Katembo Mastaki Barnabas was in the hospital for 12 days, receiving treatment and medicine that helped him beat Ebola. (Photo by Paul Jeffrey for IMA World Health)

In Eastern Congo, the battle against Ebola moves house to house

  • Matt Hackworth
  • Oct 11, 2019

BENI, Democratic Republic of Congo – He thought it was malaria. The fever. The chills. Diarrhea and a headache. All of which he thought went along with the ages-old disease that still grips 25 million people a year in this country alone. But when Katembo Mastaki Barnabas went to the hospital near his home, the doctors and nurses who came to treat him at his bedside diagnosed him with Ebola Virus Disease.

“It was really scary,” he said. “They wore those masks and the protective clothing and everything.”

It wasn’t his symptoms alone that tipped off the staff that Barnabas may have contracted the disease. His name appeared on a list of individuals who had attended the funeral of someone who had died of the disease. The lists are compiled through a labor-intensive effort known as contact tracing, a core component of the IMA World Health response to the disease here in eastern DRC.

“Contact tracing entails identifying all persons who have had close contact with an Ebola patient, they are counseled and vaccinated,” IMA’s Dr. Bill Clemmer said. Clemmer leads IMA’s Ebola response, funded by the U.S. Office of Foreign Disaster Assistance. “Symptoms are monitored closely over a three-week period. This is a core component of community surveillance and early response to infection.”

A house-by-house battle, for health and for minds
In Beni, the epicenter of this outbreak, contact tracers work in teams. They travel roads, red-clay footpaths, crossing rocky creeks, all to follow the leads they receive of where someone may have come in contact with Ebola within the 21-day window that marks the onset of symptoms. Along the way, they instruct communities in the importance of handwashing, of being vaccinated and in seeking treatment if symptoms occur.

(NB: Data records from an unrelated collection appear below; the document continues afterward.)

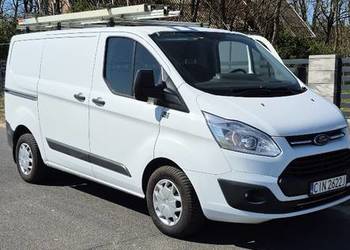 Ford Transit Custom 161 tkm 2016r stan bdb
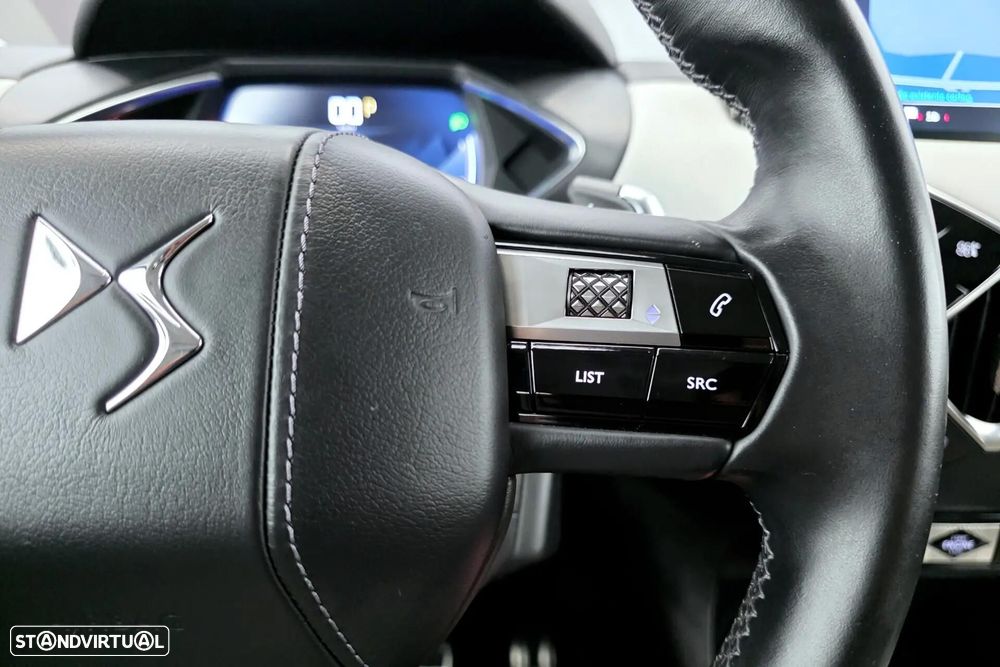 DS DS3 Crossback PureTech 130 Aut. SO CHIC - 17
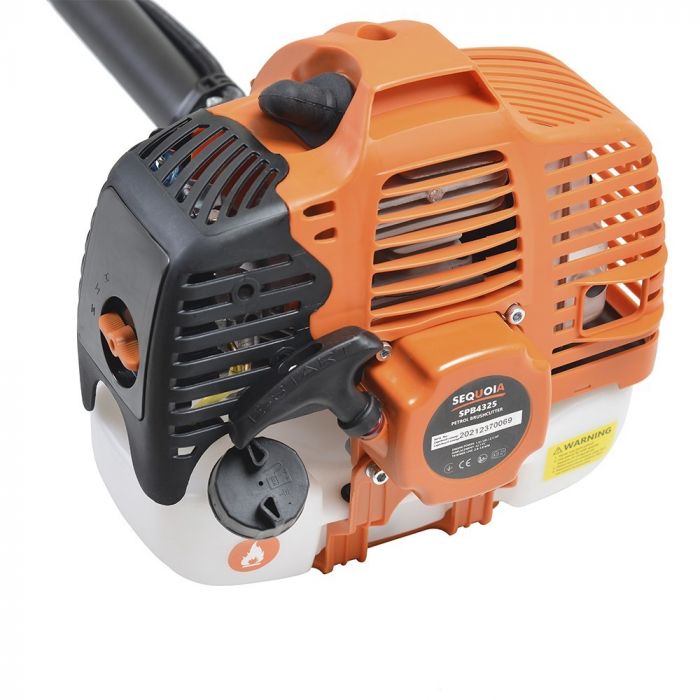 Тример садовий бензиновий SEQUOIA SPB4325 1.81кВт 42.7см.куб 46см 8000об/хв ніж/ліска 2.4мм 7.6кг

It is work that is as labor-intensive as it is dangerous. IMA works through a faith-based local partner, Programme de Promotion de Soins Santé Primaires, to reach deep into communities with local staff, and to promote trust in the effort.

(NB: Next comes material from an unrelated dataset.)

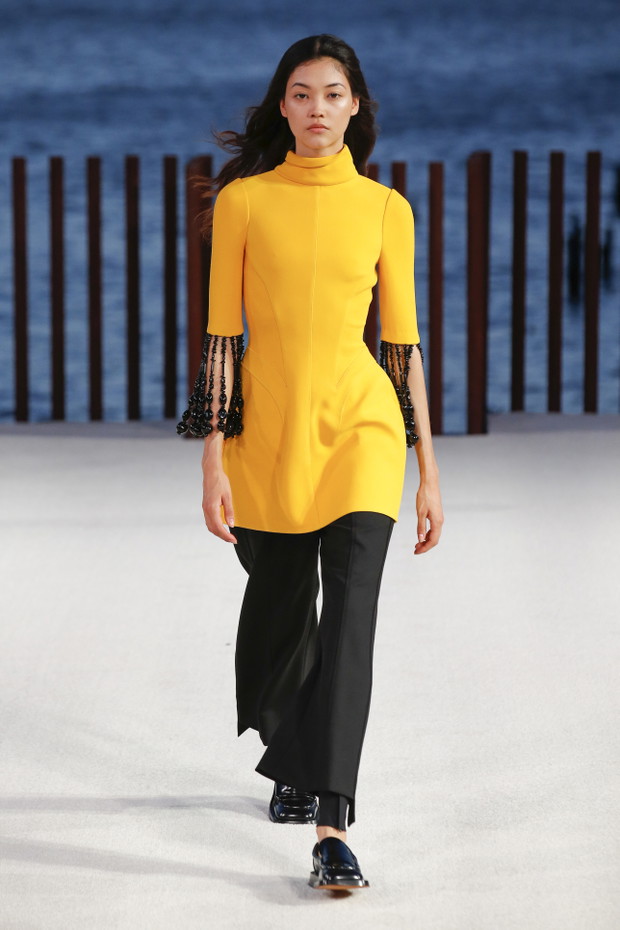 Proenza Schouler wiosna-lato 2022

As the international community has focused its response in Beni, the influx of foreigners, the investment of money and the perceived relative lack of concern for chronic humanitarian issues present before Ebola foster animosity. Aid workers are regularly targeted for attacks. An IMA-supported clinic was burned down. Staff have been abducted, all the while in an area known for its panoply of rebel groups that oppose the government in Kinshasa.

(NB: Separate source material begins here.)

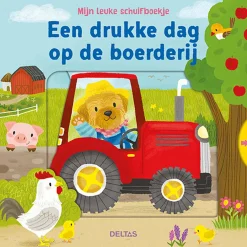 Een drukke dag op de boerderij Multi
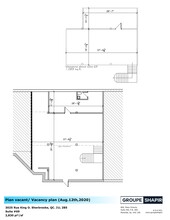 3025 Rue King O, Sherbrooke, QC for rent Site Plan- Image 1 of 1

“I’ve been working in Africa for over 30 years and I’ve never seen anything like this,” Clemmer recalled in a recent broadcast of the CBS television news program, 60 Minutes. “Communities evade our surveillance teams; some allege that our only concern is preventing the spread of Ebola outside of the DRC’s borders. We have even had rocks thrown at our vaccination teams.”

Increased military presence by security forces has had mixed results. Having UN and other security forces accompany aid workers militarizes the response and further erodes trust between humanitarian organizations and local communities. The Ebola response is being coordinated and led by the DRC Ministry of Health with technical assistance from international organizations such as WHO, the U.S. Centers for Disease Control and Prevention and a host of international non-governmental organizations.

Stopping Ebola
Hand washing and temperature-taking stations are outside of hospitals, health care facilities and most publicly-accessible buildings. Anyone with suspected symptoms is immediately isolated, and a hotline to a Ministry of Health/WHO surveillance team is called. Patients are transported to a transit facility to be stabilized and then moved to a treatment facility to recover.

More than 2,000 have died from the disease in this outbreak alone. News of a new vaccine and a treatment protocol – revised since the West Africa outbreak of 2014 – has gained traction locally, including the use of a new monoclonal antibiotic that has yet to gain full U.S. Food and Drug Administration approval.

The vaccine, drug and other treatments that cure Ebola were not available in the large, 2014 outbreak in West Africa. Even though they are available in this outbreak, and appear to be very effective, the level of instability, mistrust and insecurity have kept survival rates on par with those from the 2014 crisis. The availability of the vaccine and its distribution has also been a challenge that has complicated logistics as much as community trust in the response.

Barnabas was in the hospital for 12 days, receiving the treatment and medicine that helped him to beat Ebola. He improved steadily but is still not strong enough to farm. He is happy the disease seems to be on the run and says he tells anyone who will talk to him about the treatment he received.

“It was scary,” he said. “But overall I am very happy. I have many friends who have died from Ebola. I am glad to be home.”